# Don't use ladders...



## Kevin (Feb 14, 2017)

At the site yesterday reprogramming cameras.

We were supposed to have a lift on site for us to use. Well, there's only 1 lift on site and it belongs to a subcontractor. We got to borrow it for about 20 minutes while they had lunch... we needed it for about 1.5-2 hours.

We used the lift to take down some gear to reprogram on a hydro pole. There was a second pole that was made up of 2×4...

Well, we couldn't use the lift, so i decided we'd use ladder to change the camera out. My brother set up the extension ladder and said he'd been up there and it was relatively stable...

It, in fact, was NOT.

We knocked the pole over, while I was on the ladder at the top. I found it pretty funny, and so did the AHoles on the lift (they're using a lift to go up 4'... I'm not even kidding...) but my brother got all pissed off. I didn't get hurt, only a couple of bruises, and I knew the risk when I went up that ladder.

Told the GC their pole fell over... he wasn't too surprised, because the guy we told said to his boss it wasn't too stable when they were building it.

Next week, i get to return when they figure out the whole lift scenario. I need a lift for about 5 minutes now, to simply reinstall a camera. 4 screws...

Moral of the story, I wanna buy a bucket truck...


----------



## MechanicalDVR (Dec 29, 2007)

Glad you weren't hurt bro!


----------



## Kevin (Feb 14, 2017)

MechanicalDVR said:


> Glad you weren't hurt bro!


Thanks! If the site was actually clean, I'd have jumped off the ladder, but in this case, I took my chances holding onto the ladder and fence when I was low enough.


----------



## joebanana (Dec 21, 2010)

Rent a lift and charge it to the job. Cite: unforeseen unsafe conditions for a ladder. Even if it's only for 5 minutes, it's better than 5 hours (or more) in the ER. Glad you survived your ride.


----------



## Kevin (Feb 14, 2017)

joebanana said:


> Rent a lift and charge it to the job. Cite: unforeseen unsafe conditions for a ladder. Even if it's only for 5 minutes, it's better than 5 hours (or more) in the ER. Glad you survived your ride.


Not my job to rent equipment. I was told there was a lift on site. I brought a lift operator (i don't have a lift ticket) and he was there the whole day, but only used the lift for 20 minutes... I'm still billing him out for the day...

They may end up renting a lift next week, or, there may be words with the subcontractor that has the lift.


----------



## Navyguy (Mar 15, 2010)

I have been on jobs where the GC is "cheap" about rental equipment. While I would say that I have made it work in the past, my best option is usually working early in the am or at night. Morning is usually better because the lift will have all night to charge. If I am working nights, then you risk that the other trades did not plug in the lift and by the time you get there, the lift is still dead.

But sometimes it is easier to work around the other guys when you only need it for a couple of hours. If I needed for several shifts, than that would be likely be a different story.
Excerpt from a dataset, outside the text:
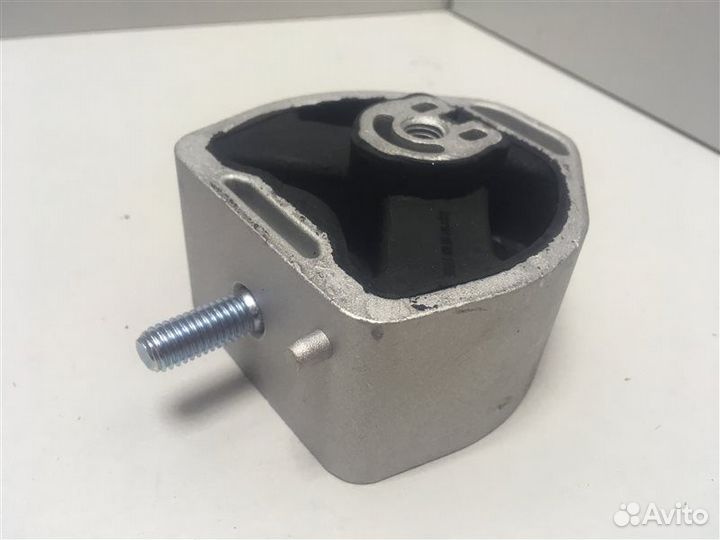 Опора кпп Audi A4 B5 1994-2001 119E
I did a lighting project in a plant a number of years ago. I scheduled my time from 2200 to 0600 so I could have full access to the lifts and not have too many people on the floor when I was working. There was only one lift and it was used during the days, charged, then used by me and charged. Never really had any issues until it broke down and everybody had to wait for a replacement.

Cheers
John


----------



## joebanana (Dec 21, 2010)

Kevin_Essiambre said:


> Not my job to rent equipment. I was told there was a lift on site. I brought a lift operator (i don't have a lift ticket) and he was there the whole day, but only used the lift for 20 minutes... I'm still billing him out for the day...
> 
> They may end up renting a lift next week, or, there may be words with the subcontractor that has the lift.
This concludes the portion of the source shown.